Il lavoro l’abbiamo interrotto. Solo per un giorno. Il tempo di smuovere l’opinione pubblica, galleggiare per un po’ tra le prime pagine dei giornali e poi ripiombare nell’oblio. Perché poi noi questo lavoro continuiamo a svolgerlo, ogni giorno, senza tutela, senza cura.
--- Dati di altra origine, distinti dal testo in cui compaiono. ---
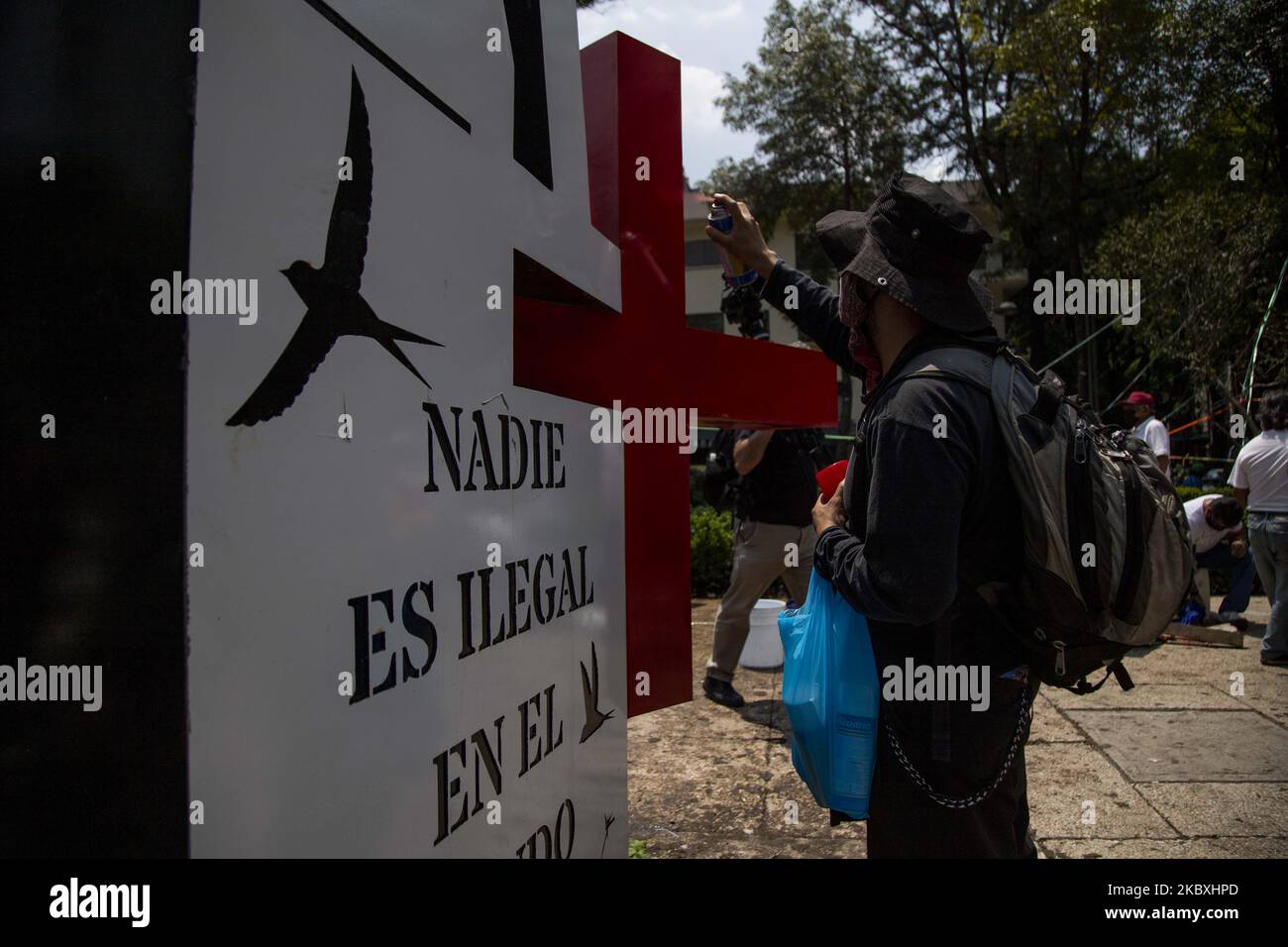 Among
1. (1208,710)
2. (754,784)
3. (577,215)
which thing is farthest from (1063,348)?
(577,215)

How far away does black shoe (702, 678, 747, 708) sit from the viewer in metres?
4.88

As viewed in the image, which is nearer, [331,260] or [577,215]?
[331,260]

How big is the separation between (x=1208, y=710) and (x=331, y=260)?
508 centimetres

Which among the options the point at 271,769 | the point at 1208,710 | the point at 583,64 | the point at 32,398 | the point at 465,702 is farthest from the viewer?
the point at 1208,710

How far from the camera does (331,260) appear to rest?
1.14m

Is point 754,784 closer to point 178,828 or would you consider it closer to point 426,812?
point 426,812

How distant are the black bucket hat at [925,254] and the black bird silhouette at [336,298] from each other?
98 centimetres

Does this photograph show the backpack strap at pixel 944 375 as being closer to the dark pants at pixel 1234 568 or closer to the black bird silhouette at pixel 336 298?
the black bird silhouette at pixel 336 298

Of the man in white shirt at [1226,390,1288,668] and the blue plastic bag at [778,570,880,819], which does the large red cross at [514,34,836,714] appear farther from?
the man in white shirt at [1226,390,1288,668]

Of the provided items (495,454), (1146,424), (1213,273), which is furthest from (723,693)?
(1213,273)

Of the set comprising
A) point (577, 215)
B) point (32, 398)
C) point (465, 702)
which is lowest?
point (465, 702)

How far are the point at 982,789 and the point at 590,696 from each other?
2.76ft

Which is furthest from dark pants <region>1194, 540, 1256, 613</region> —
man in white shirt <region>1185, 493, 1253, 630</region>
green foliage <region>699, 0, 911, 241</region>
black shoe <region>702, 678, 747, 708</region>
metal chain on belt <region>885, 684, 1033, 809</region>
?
green foliage <region>699, 0, 911, 241</region>

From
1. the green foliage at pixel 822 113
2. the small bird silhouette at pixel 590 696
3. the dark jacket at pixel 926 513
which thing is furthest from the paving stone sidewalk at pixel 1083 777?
the green foliage at pixel 822 113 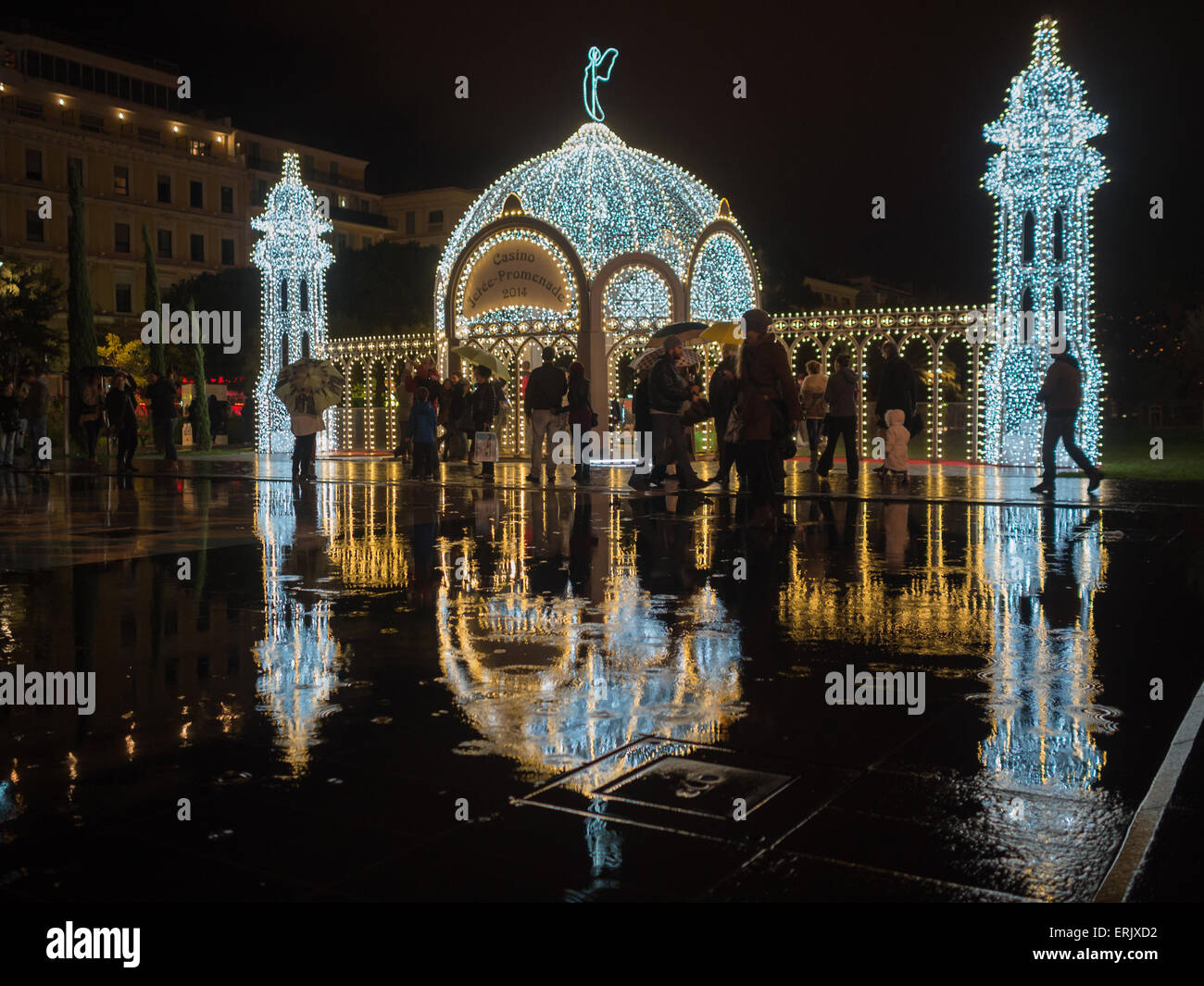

Quando abbiamo organizzato il funerale, il rosso l’abbiamo scelto perché volevamo denunciare. Volevamo un unico colore. Il colore del sangue che Antonia non ha versato. Quello che scorre da questo succo di pomodoro.

Torno a casa. C’è mio marito. Di solito il giovedì sera prepara la pasta al sugo. Gli basta un’occhiata per capire che oggi mangeremo in bianco. Credo che non mangerò più pasta al pomodoro. O che almeno non lo farò fin quando qualcuno non si prenderà cura anche di noi. Situate all’ultimo gradino di questo inferno terrestre.